Duerr também se autoinduz ao erro ao descontextualizar sistematicamente a teoria de Elias. Como seria possível, por exemplo, interpretar a questão da interdição da nudez sem levar em conta a diferenciação entre espaço público e espaço privado? Esse tipo de questão não parece merecer a atenção de Duerr, uma vez que ele não diferencia um corpo nu de um corpo coberto por uma camisa (o que é bem incômodo levando-se em conta que seu livro chama “nudez e pudor”), nem considera que as arenas da vida familiar, da lei e das ruas devem ser distinguidas, assim como o corpo exposto deve ser diferenciado do corpo exibido (Duerr 1998, p. 263). O autor provavelmente responderia que sua recusa em fazer qualquer contextualização se baseia na escolha pelo universalismo, que implica a existência de invariantes antropológicas, dentre as quais o pudor. Mas não é correto descontextualizar uma tese que está alicerçada no contexto específico da sociedade europeia da Baixa Idade Média para refutá-la como se ela mesma fosse universalista: mais do que um equívoco, isso é uma distorção deliberada.
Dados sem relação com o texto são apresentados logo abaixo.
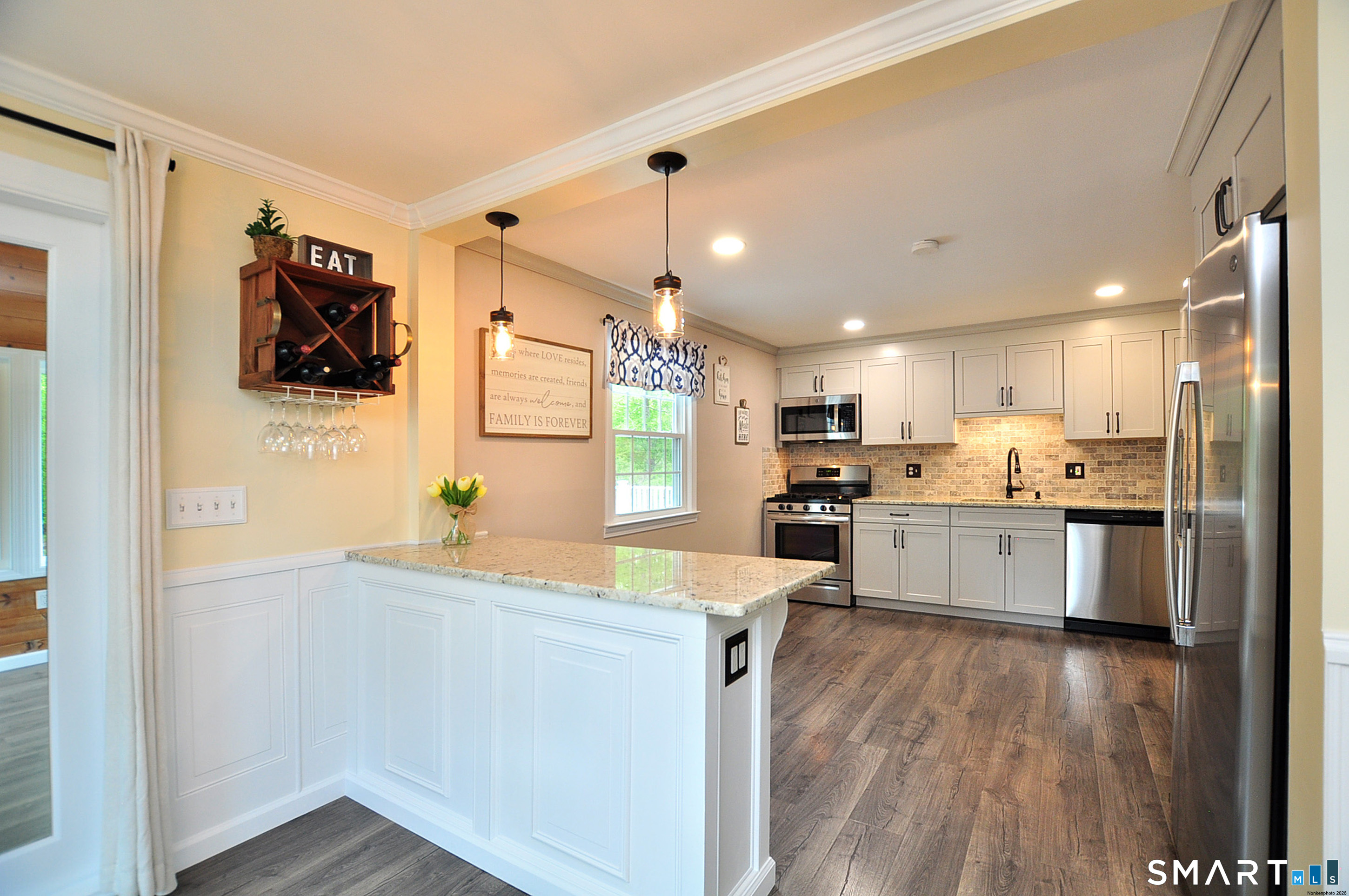 85 Winthrop Road Windsor, CT 06095 - Photo 12 of 36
Visando invalidar a tese de enrobustecimento da esfera privada, Duerr (1998) não hesita em nos apresentar aos “índios das florestas do noroeste do Peru, em Yagua” (p. 151). Na mesma página (p. 172) em que aborda o pudor sexual, ele cita sucessivamente a América do século XVII, a Idade Média (sem especificar em qual sociedade), um “libertino espanhol” e os navajos; em outra parte do texto (195) ele evoca privações em um convento do século XVII junto com um palácio da Idade Média! A comparação é uma ferramenta muito útil, contanto que se compare o que é comparável: aqui, processos (de civilização), e não estados, observados sem qualquer atenção a seus contextos e significados. Tal regressão intelectual é um problema que não se refere apenas ao trabalho de Elias, mas a toda a história da ciência social – como se nada tivesse acontecido desde a era das academias escolásticas do século XIX.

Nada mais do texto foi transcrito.